Tamil Nadu Arasu Cable TV Corporation Limited
- Company type: A Government of Tamil Nadu's Public Sector Undertaking
- Founded: 4 October 2007
- Headquarters: 11/22, Mangadu Sami Street, Nungambakkam, Chennai– 600034, India
- Area served: Tamil Nadu
- Key people: Dr. Neeraj Mittal IAS (Chairman)
- Owner: Government of Tamil Nadu
- Parent: Department of Information Technology (Tamil Nadu)
- Website: www.tactv.in

= Tamil Nadu Arasu Cable TV Corporation Limited =

State-owned cable television provider in Tamil Nadu, India

Tamil Nadu Arasu Cable TV Corporation Limited (TNACTCL) (தமிழ் நாடு அரசு கம்பிவட தொலைக்காட்சி கழகம் (வரையறுக்கப்பட்டது)) is a state-government Public Sector Undertaking of Government of Tamil Nadu located in the Indian state of Tamil Nadu. TNACTCL is a cable television operator across the state. It was founded in 2007.

==TACTV Operation==

Arasu Cable TV Corporation was incorporated on 4 October 2007 with the objective of providing cable TV signals to the public. In order to achieve this objective, four Digital Head Ends were installed at Thanjavur, Tirunelveli, Coimbatore and Vellore.

After assuming office in May 2011, the Chief Minister of Tamil Nadu revived the Arasu Cable TV Corporation which had become defunct due to various reasons and sanctioned a sum of ₹3 Crores for the revival and expansion of the activities of the corporation. The corporation was renamed as Tamil Nadu Arasu Cable TV Corporation Limited (TACTV).

TACTV has taken on lease the Head Ends of the willing private Multi System Operators in 27 Districts of the State and revamped its existing four digital Head Ends in 4 Districts.

On 30.08.2011, the Chief Minister of Tamil Nadu had announced on the floor of the Assembly that TACTV would provide services at a cost of ₹180 as monthly subscription to the subscribers through the cable TV would collect ₹20 per month per subscriber from the Cable Operators.

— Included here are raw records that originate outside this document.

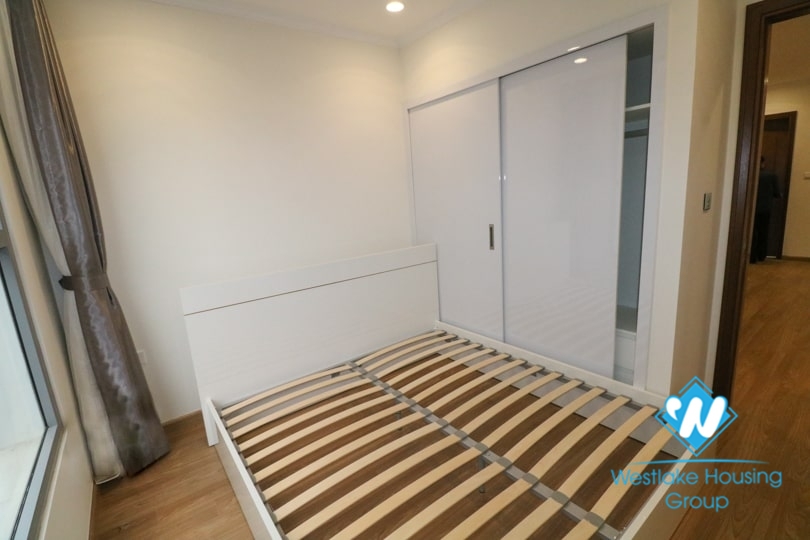 Nice four bedroom apartment for rent at Park Hill Time City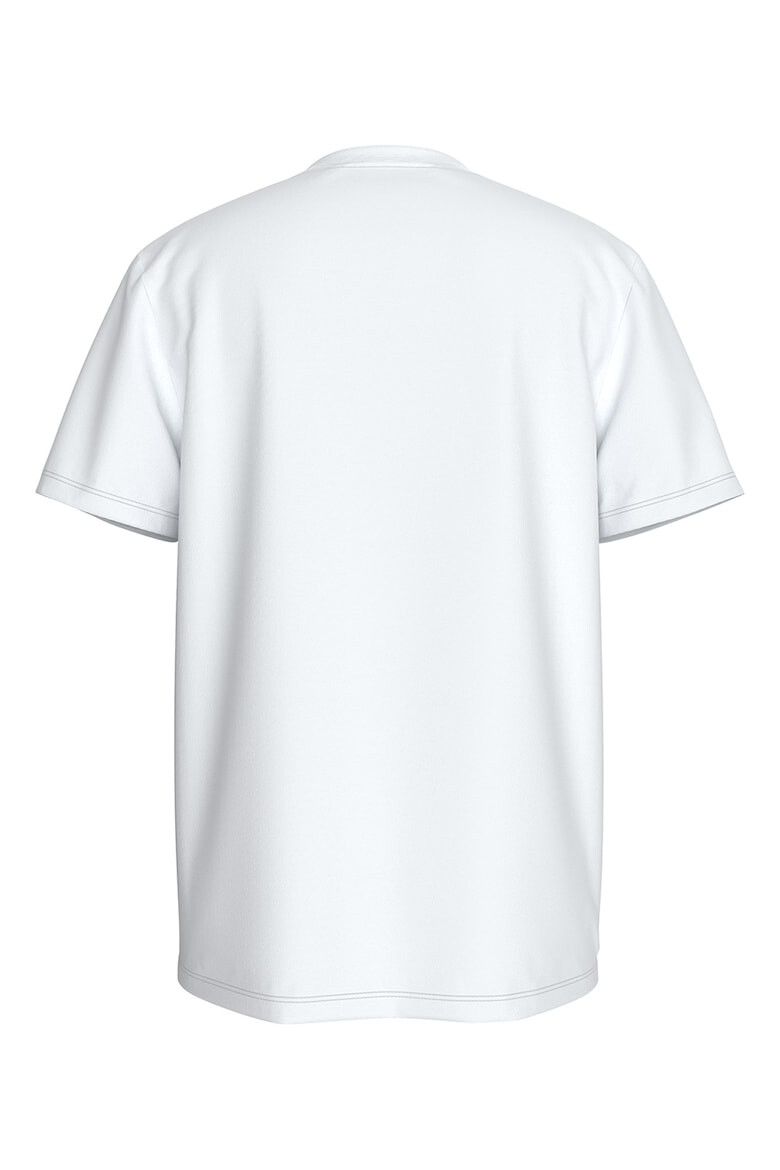 CALVIN KLEIN Tricou cu logo - Pled.ro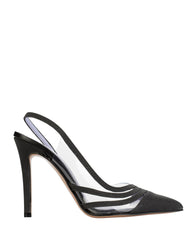 Bianca Buccheri Yesenia Black Pumps
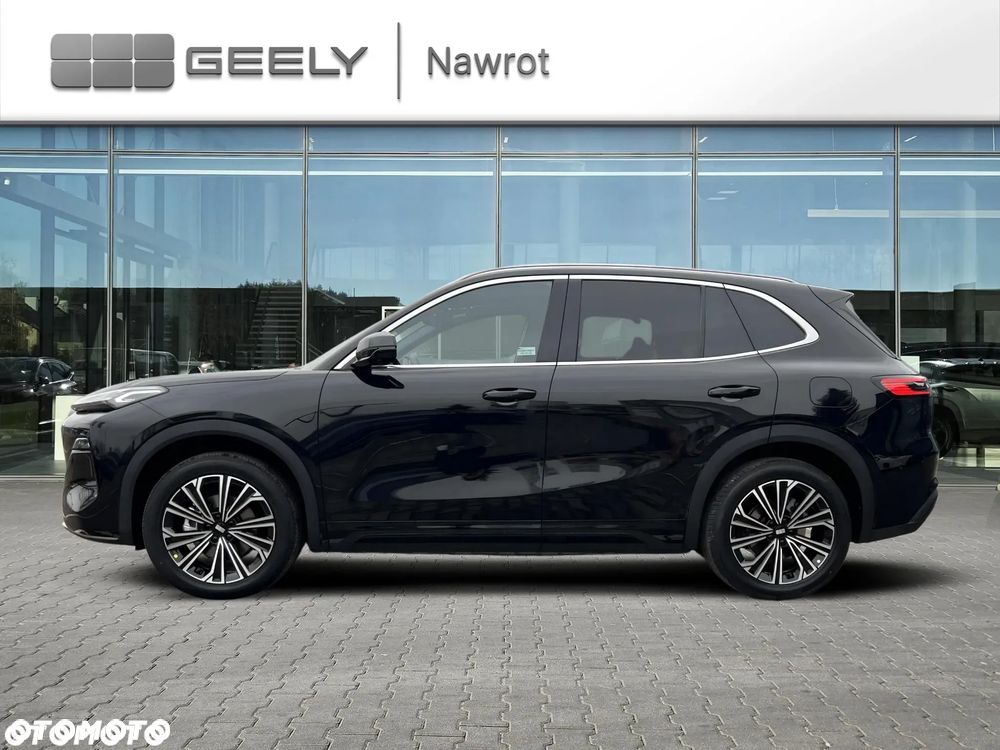 Geely Starray EM-i 1.5 PHEV Max - 3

The Chief Minister of Tamil Nadu launched the cable TV services all over Tamil Nadu (except Chennai) on 02.09.2011 by switching-on the Head End at Vellore through Video Conferencing. On 20.10.2012, the Chief Minister inaugurated the Cable TV Services of TACTV in Chennai Metro.

At present TACTV is providing the Cable TV services with 99-100 Channels, including Free-to-Air Channels, Pay Channels and Private Local Channels. The corporation has procured 137 pay Channels and almost all the Pay channels are in the bouquet of the corporation.

Before TACTV's existence, the cable TV sector was unorganized and a few Multi System Operators had created monopoly and thereby forced the local Cable TV operators as well as the public to pay exorbitant amount towards cable TV services. Earlier, the public were paying ₹150 to ₹250 per month to the private Cable TV companies to avail the cable TV service.

The service being provided by TACTV is welfare step taken by the Government, in the interest of the public and cable TV operators. Now TACTV is providing the Cable TV services with most of the pay channels, at an affordable cost of ₹120 per month, to the public through cable operators and the public could save a sum of ₹80 to ₹180 per month. Therefore, the public have overwhelmingly welcomed TACTV's cable TV services.

TACTV has selected 1200 private local channels and issued allotment orders, out of which approximately 800 are running through TACTV.